Мне нравится, что в книжке нет никакой нынешней модной тематики, никаких «гендерных проблем», ни «травмы», ни «стигмы». А если что-то такое и есть, то дано очень окольным, то есть поэтическим путем.

я уходил на дно ты вынул меня из мглы
я колебался в иле меркнущей чешуей
и улетел за леской за ледяной шлеей

<…>
тина моя рутина серый небесный снег
что же наворотил он этот твой человек
рыбья моя хребтина хрустнет такая страсть
я говорю спасибо господи я карась

Поверим Любови, сказавшей в одном из интервью, что это стихи о любви, да простится мне этот почти невольный каламбур.
Если говорить о происхождении автора, то ее стихи, как я понимаю, произрастают более всего из Серебряного века, причем, в отличие от поэзии неоакмеизма, Колесник ориентирована на поздних символистов в декадентской (пора избавить это слово от негативных коннотаций), социально-критической ветви их творчества.

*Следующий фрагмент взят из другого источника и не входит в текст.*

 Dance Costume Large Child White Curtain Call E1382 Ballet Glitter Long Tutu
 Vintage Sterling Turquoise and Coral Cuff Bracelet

Да и опыт советского поэтического мейнстрима, пусть и отрицательный, но имеющий те же корни, не надо сбрасывать со счета. Потому что, даже отталкиваясь от чего-то, опровергая, мы так или иначе заступаем в тот же понятийный круг.

Можно сказать, что Любовь Колесник — певец упадка, которому мы все невольные свидетели — по крайней мере я себя таковым считаю, — и воспевает его вовлеченно и ярко — как его «честная часть».

Будет теплей, если сделаться честной частью.
Будет надежнее ждать, когда позовут.
Нет никакого покоя, тем паче счастья,
есть только город, музыка
и мазут.

Ключевые здесь два последних слова, давших название книге. Все правильно — музыка прежде всего, да и без мазута никак.